The Delaware Supreme Court struck down the state’s death-penalty statute Tuesday, ruling that the latitude it granted to judges during the sentencing phase violated the Sixth Amendment.
Most high-profile death-penalty cases revolve around the Eighth Amendment’s prohibition of cruel and unusual punishment. But Rauf v. Delaware instead centers on the Sixth Amendment and the right to a jury it protects.

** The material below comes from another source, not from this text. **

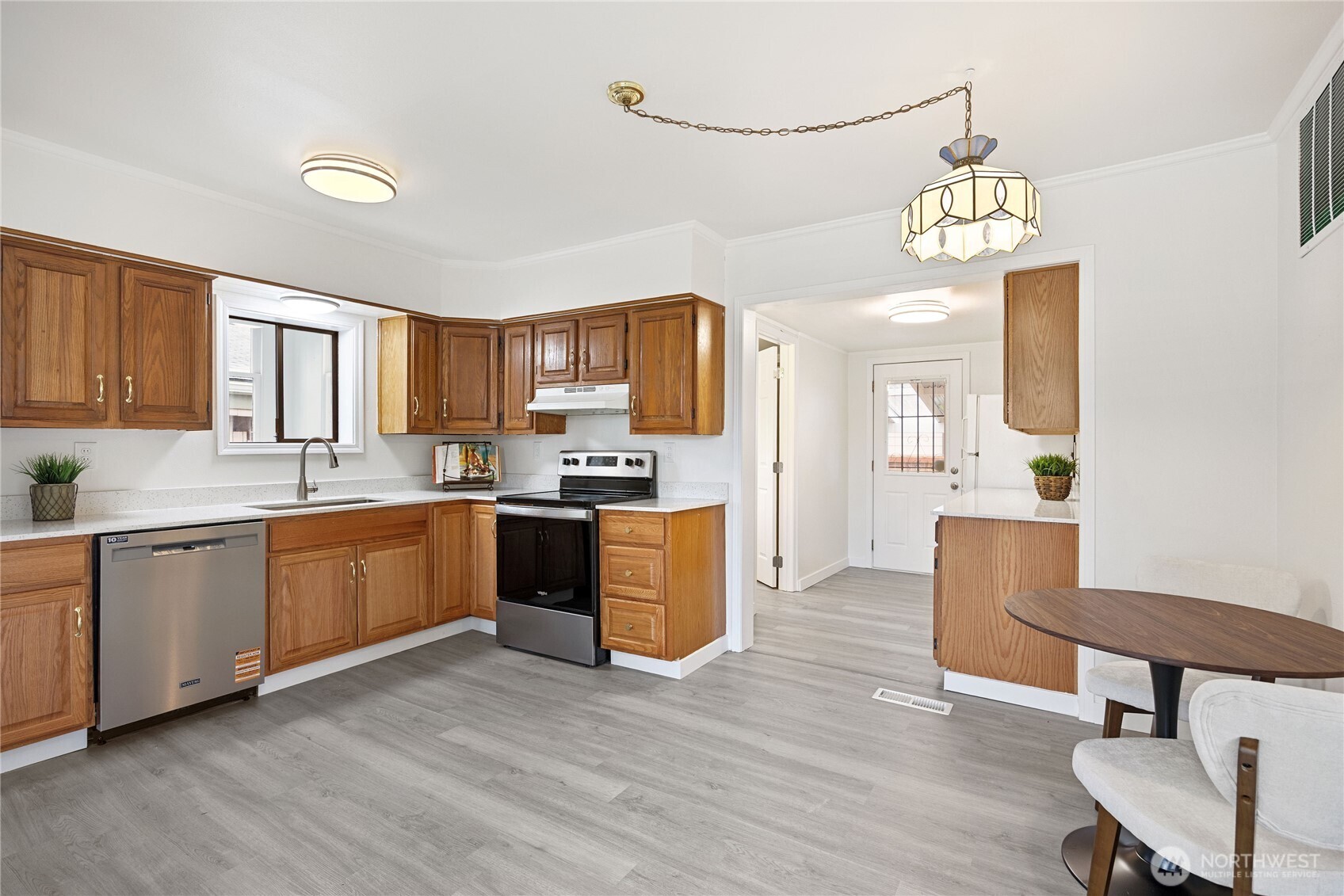 Additional area for a dining table in the kitchen.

States with the death penalty generally require a jury to weigh aggravating and mitigating circumstances before sentencing a defendant to life imprisonment or death. At the start of 2016, three states—Alabama, Delaware, and Florida—allowed judges to impose a death sentence independent of the jury’s determination. In some cases, judges could override a jury’s recommendation of a life sentence and impose death instead.

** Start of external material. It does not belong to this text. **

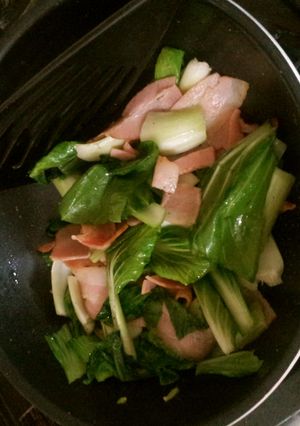 +*超簡単！青梗菜とベーコンの炒め物。*-レシピのメイン写真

Those statutes came under renewed scrutiny in January after the U.S. Supreme Court struck down Florida’s death-penalty statute in Hurst v. Florida. Florida’s procedures only allowed jurors to render an “advisory sentence” during the sentencing phase; state judges could then independently weigh the factors and hand down life or death.
The Court struck down the scheme by an 8-1 vote. Writing for the majority, Justice Sonia Sotomayor noted that like earlier sentencing procedures quashed by the Court, “Florida does not require the jury to make the critical findings necessary to impose the death penalty.” By handing that power to the judge, the system ran afoul of the Sixth Amendment.